Nichtsdestotrotz würde darüber hinaus die Weiterführung einer tierbezogenen Ausgleichszulage für benachteiligte Gebiete die Milchbauern und andere Weidetierhalter noch weiter unterstützen, die eine Unterstützung besonders nötig haben.
Die Bewirtschaftung der benachteiligten Gebiete ist durch viele Gräben, Grüppen, nasse Flächen, Einzäunungen, Hecken und eventuelle Naturschutzauflagen deutlich aufwändiger als auf anderen Flächen und gehört ausgeglichen.
Pro-Argumente für ein Folgeprogramm der Ausgleichszulage Weideprämie, Heimatpflegeprämie oder „Pro-Grünland“, wie auch immer ein solches Programm heißen könnte sind unter anderem folgende:
- Flora und Fauna sind auf Grünland, das beweidet wird, insgesamt abwechslungsreicher.
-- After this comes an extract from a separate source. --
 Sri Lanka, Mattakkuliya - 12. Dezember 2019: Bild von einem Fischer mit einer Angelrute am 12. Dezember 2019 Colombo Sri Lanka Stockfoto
- Wir erhalten das für Niedersachsen typische Landschaftsbild und die typischen Landschaften.
- Eine Kuh kann sich auf der Weide freier bewegen. Weidegang verbessert außerdem die Klauen- und Gelenkgesundheit.
- Die Bewegung verbessert Stoffwechsel und Milchproduktion bei den Tieren.
- Die gesellschaftliche Anerkennung von Grünland mit grasenden Rindern ist sehr hoch, damit steigt die Akzeptanz der Tierhaltung.
Sehr geehrte Damen und Herren, sehr geehrte Abgeordnete der Grünen,
ihre Forderung nach der Rückgängigmachung der Tierzahlobergrenze betrachten wir differenziert. Viele Familienbetriebe haben die Grenze von 300 Tieren schon überschritten. Auch reine Familienbetriebe z.B. Vater-Sohn Betriebe könnten dann schon nicht mehr gefördert werden.
300 Tiere bedeutet grob: 150 Kühe plus Nachzucht. Wenn von diesem Tierbestand zwei Familien leben müssen, wird es eng.
Auch Ihre Forderung nach einer intensivieren Beratung der Landwirte ist grundsätzlich diskutabel: Es war schon immer die Aufgabe von Beratern, die Effizienz zu verbessern. Futter- und Remontierungskosten sind einige der wichtigsten variablen Kosten auf einem Hof.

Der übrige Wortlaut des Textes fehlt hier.